Incendiary (Hollow Crown #1)(84)


Leo is unusually quiet as he leads me to her quarters and deposits me at the door. Lady Nuria’s room is in the same tower as mine, but one floor below, a not-so-subtle jab at the change in her social station. But there are no guards posted in front of her rooms.

Lady Nuria is waiting for me wearing nothing but a robe. Her hair tumbles down her back in loose curls. Her feet are bare, but that’s hardly the most scandalous thing she’s done since I’ve met her.

I hate that she makes me feel unbalanced. She is not the person I was expecting. This would be so much easier if she were like Lady Borbónel and the others. I could hate her on sight instead of feeling this pull of her kindness the way I felt with Sayida.

“Sit, Renata,” Lady Nuria says, dropping the formalities. “May I call you Renata?”

“Yes. I am no lady, after all.”

The living room is decorated in simple shades of gray and brown with the occasional green. There is none of the decadent lace or velvet of the rooms I’m staying in. I suppose that’s what happens when you marry someone dedicated to an order of hate.

On the center table is a spread of summer fruits, a carafe of blush wine, a glass teapot with jasmine brewing inside it, delicate confectioneries, and pastries.

She plops a grape into her mouth. “Please, eat. I have it on good authority that you are particularly fond of grapes.”

I shiver in the strange draft of this room despite the shut glass panes and the heat outside. The words escape my mouth before I can stop them.

“Why are you so—” I pause, realizing how they will sound.

“Don’t be shy. I have been called many things.”

“Kind,” I say, whirling around to see her standing in front of me, holding a goblet of wine and offering me another. Her eyes are black and luminous, like beads made of night sky. “How can you be so kind?”

“I choose it,” she says. “But don’t confuse it for weakness. Castian never did.”

Lady Nuria owes me nothing. She is not my friend, and before learning of her engagement with the prince I didn’t think of her as anything more than an heiress. But I can’t understand how someone like her could care for Castian so much. Surely she’s knows what he’s done.

“Why did you return to this palace if you hated Prince Castian?” she asks, stepping around me to return to her table.

“I don’t—”

“All I ask is that you be honest with me about this. I told you. Your emotions are practically written on your face.”

I’m strangely relieved someone is breaking through my fa?ade. I am tired of walking these halls and eating in these rooms and playing a role that has returned all too easily. To tell this girl that I want to kill the prince would only result in my own defeat. And yet, I can respect her. Everything I’ve seen her do is a small defiance of the crown.

“I have nowhere else to go,” I say. “And I am under the order of Justice Méndez.”

“You could have procured forged papers and passage to other kingdoms.”

“I had the chance. It’s almost hard to determine what I’m more afraid of, dying here or starting over somewhere completely unknown.”

“Starting over is never easy. But you chose the most difficult thing anyone can do.

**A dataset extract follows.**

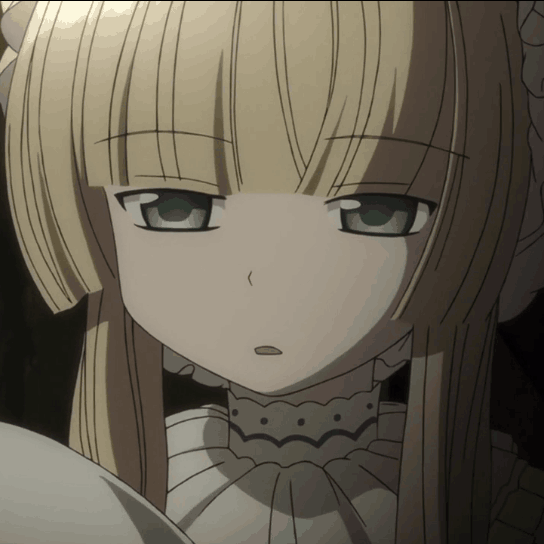 动漫《gosick》维多利加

Facing your past.”

Can she see through me this easily? Méndez doesn’t seem to be able to. Or is he playing a part, the way Leo once graced a stage?

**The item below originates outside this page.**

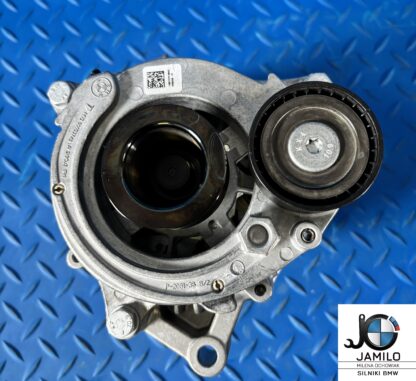 Alternator BMW - obrazek 3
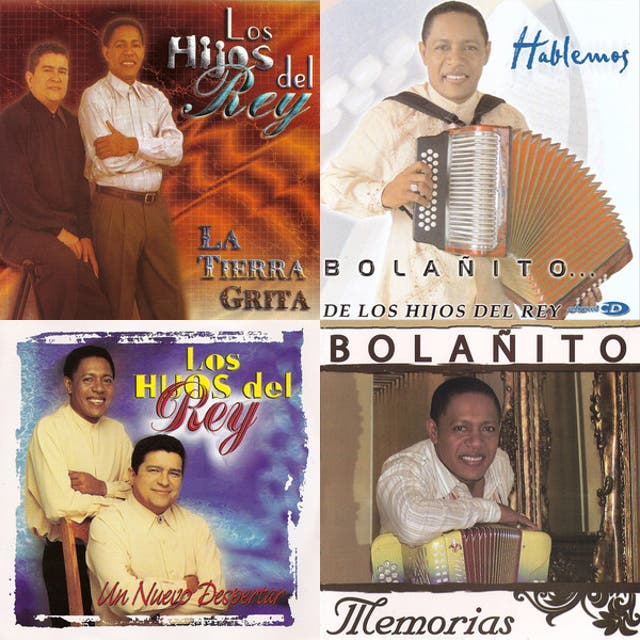 Los Hijos Del Rey — Ballenato - playlist by Rode Castaño Valdez | Spotify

“I helped spill a lot of blood here. At the very least, I am rooted to Puerto Leones in more ways than I can understand. Even if it does not want me.”

She takes a deep breath. The fireplace crackles with orange flames in the corner of my eye, but somehow I can hear the sharp whistle of wind coming from somewhere. It does not make sense that a girl who is descended from queens would be in this grim and drafty room, but she does not complain. I drink the bitter wine and sniff back the sting in my nose.

“You know you can’t get them back,” I tell her. “The memories.”

She turns her face to the light-filled window opposite the citadela below us and drinks. “I know quite well how your power works. I should tell you, the memory is of Castian.”

“I figured as much.” I bite my bottom lip. Though she is not like other royals I’ve come across, I need to tread carefully when I talk about the prince. “It must be difficult to defend him after you were subjected to humiliation when he ended your engagement.”

Lament fills her eyes. She looks pretty even when she’s sad. “I was impetuous. I was spoiled. I thought I had it all. Others in my position have to choose between an advantageous union for their families or love. I was lucky to have both for a while.”

“And then?”

“He broke my heart. People talked as they always do, and I was made a villain. And yet, I know him. I know the boy I grew up with. Together we mourned the deaths of everyone he loved.”

I stiffen at the sentiment, trying to picture a murderer in mourning. When he killed his brother, did he mourn then as well? As if she were a Ventári herself, Lady Nuria nods her head.

“Yes, including his brother, despite what the rumors may say. The prince knew nothing but violence at the hands of his father. It chipped away at him. Changed him. When he came back from the Battle of Riomar, the change was magnified threefold. We tried but it didn’t work. Sometimes I wonder if only I had tried harder. Done more. But I don’t know how to help him. Didn’t know, I should say. Do you have many regrets, Renata?”